Kitlenin bir kısmı Bağlar Tesisler Caddesi’nde polislerin ablukasına alınırken, bir kısmı da ara sokaklardan E Tipi'ne yürüyor. HDP’li vekil Semra Güzel de, yürüyenler arasında yer alıyor. Defalarca önü kesilen, itilip kakılan ve çekiştirilen Semra sonunda kazanıyor ve beraber olduğu kitleyle E Tipi Cezaevi’nin önüne ulaşıyor. Burada da onları bir TOMA ve polis ordusu karşılıyor. Buna rağmen Semra ve yanındaki kitle, sokakta bulunan halkın da desteğini alarak, evinin balkonunda alkışlarıyla destekleyenlerle beraber Leyla'yı ve direnişini selamlıyorlar.

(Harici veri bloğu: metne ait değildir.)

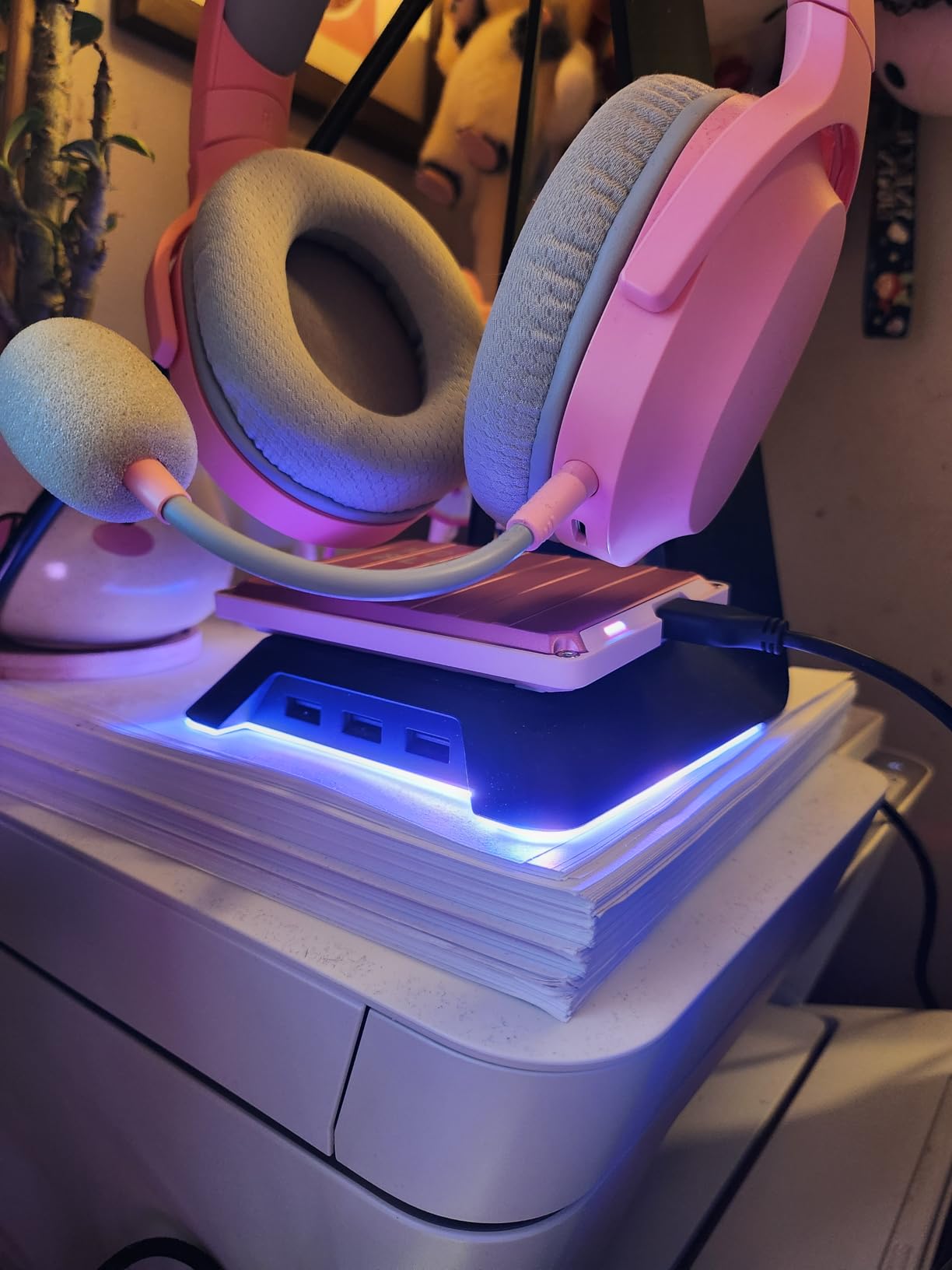 WD_BLACK 5TB P10 Game Drive, Portable External Hard Drive, Works with Playstation, Xbox, & PC - WDBA3A0050BBK-WESN - Customer Photo 1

Semra, "Burada hukuk değil, hukuksuzluk işliyor. Bu bir başlangıçtı, bu tecridi de, baskıyı da kıracağız. Biz kazanacağız, halkımız kazanacak" diyor. Semra'nın konuşmasının bitmesi ile beraber "Leyla Güven onurumuzdur", "Siyasi tutsaklar onurumuzdur" sloganları yükseliyor. Kitle ardından HDP il binasına dönüyor. 
 
'Halkıma da, irademe de dokunma'
 
Dağılırken zılgıt çeken bir kadın, polisler tarafından "Devam et, müdahale ederim" uyarılması üzerine “Zılgıt çekiyorum, karışamazsın. Ben tililimi çekerim, bir şey de diyemezsin, istediğini yap" cevabını yapıştırıyor. HDP’li vekil Saliha, "Ben vekilim, bu halkın vekiliyim, bana dokunamazsın. Bana dokunma, halkıma dokunma, irademe dokunma" sözleriyle dakikalarca direniyor. 
 
Halkın sessizliği kadar öfkesi de büyüktü ve büyümeye devam ediyor. Öyle ki “sessizlik çok büyük” denilen bir kentte “gerçekten sessizlik mi hakim yoksa patlamaya hazır bir kitle mi var?” sorusu kafalarda soru işaretleri yaratıyor. Dün halkın öfkesi karşısında ne engeller, ne saldırı ne gözaltı ne de tutuklamalar bir anlam ifade etmedi. Hükümet ve medyası, bu direniş karşısında 3 maymunu oynasa da. Görülmeyen görülmek istenmeyen bu halkın öfkesi büyüyor ve büyüdükçe sokaklara akıyor. Bunun daha farklı zeminlere neden olmaması için halkın sahiplendiği taleplerin bir an önce karşılık bulması gerekiyor.